Regarding the lock-in restrictions required on trusts under the SBEB regulations for shares attained by the secondary market, it has been indicated that restrictions need to be retained and do not need any modification.
The maximum period prescribed for the appropriation of shares not backed by grants acquired through secondary acquisition by a trust should be extended by an additional period of one year, subject to the approval of the Compensation Committee.
Thus, these shares can be held for 2 years. “Upon winding up of schemes/trust, transfer of shares or monies held by the trust need be authorized to be transferred to one or more existing share-based employee benefit schemes under the SBEB Regulations, subject to the approval of shareholders,” the consultation paper reported.
Furthermore, about the availing of the loans by trust, the group explained companies and their trusts need be entitled to recognize and avail loans from or financing through legally allowable modes as they consider fit.
Regarding compliance by a trust with the insider trading rules, the expert group approved with the position of Sebi that this type of regulation is needed to assure transparency with good governance, and accordingly, no relaxations were proposed in the SBEB regulations.

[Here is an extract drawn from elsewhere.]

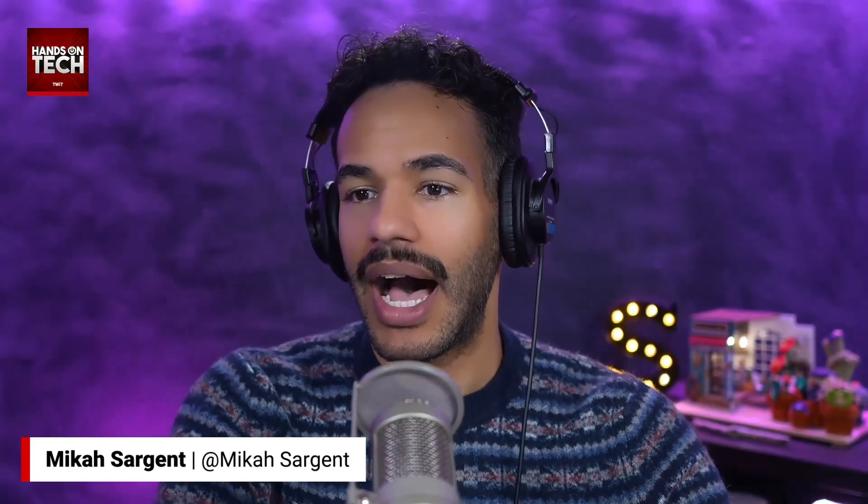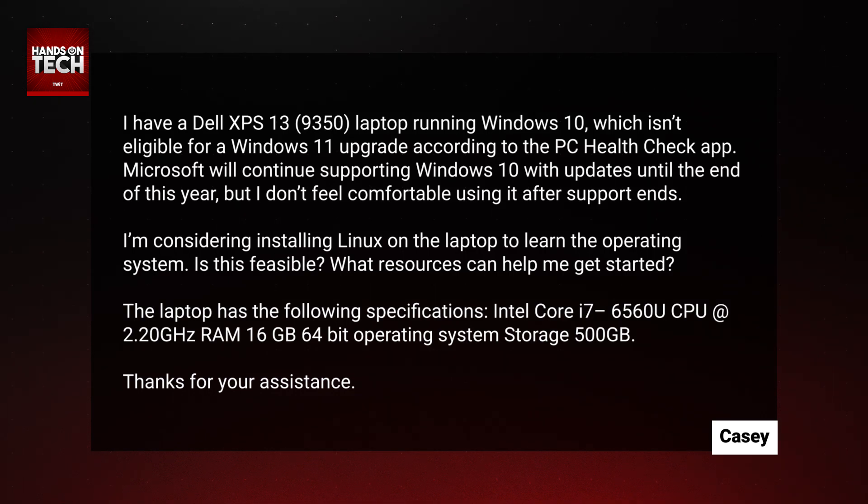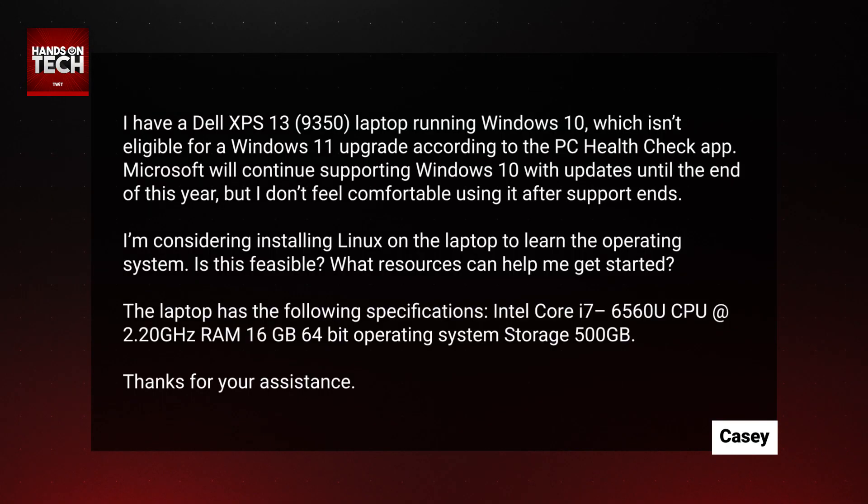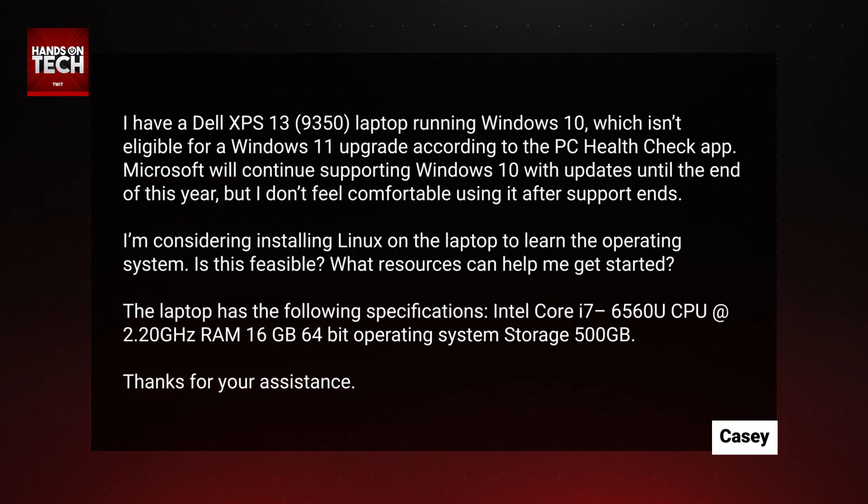This question comes in from Casey. Casey writes: I have a Dell XPS 13 laptop running Windows 10, which isn't eligible for a Windows 11 upgrade according to the PC Health Check app. Microsoft will continue supporting Windows 10 with updates until the end of this year, but I don't feel comfortable using it after support ends. I'm considering installing Linux on the laptop to learn the operating system. Is this feasible? What resources can help me get started? The laptop has an Intel Core i7 CPU, 16 gigs of RAM, a 64-bit operating system, and 500 gigabytes of storage.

Regarding voting of shares by the trust, the group explained no regulatory changes are required in this regard as well.
It has also been proposed that a clarification should be included in the ‘grant date’ that for accounting objectives, the grant date will be specified by applicable accounting standards.
For the vesting period in case of death or permanent incapability of the employee during the first year from the date of grant, it has been proposed that a more lenient view could be taken in such circumstances to enable for immediate vesting, instead of vesting of only such granted benefits that are in proportion to the period of service.
About the settlement of cash rather than shares in specific situations, the group of experts suggested that if due to regulatory requirements a firm is incapable to question shares, there should be a way to settle in cash. The settlement in cash should be authorized by the shareholders.
“The expert group also evaluated whether the threshold of 10% of the book value/market value/ fair value of total assets for general employee benefits schemes should continue to be evaluated on an ongoing basis and suggested that such assessment should be made as on the date of the balance sheet,” the consultation paper reported.
Concerning the question of numerous approvals required from the stock exchanges, it has been proposed that Sebi and bourses should evaluate combining many approvals into composite approvals, where feasible.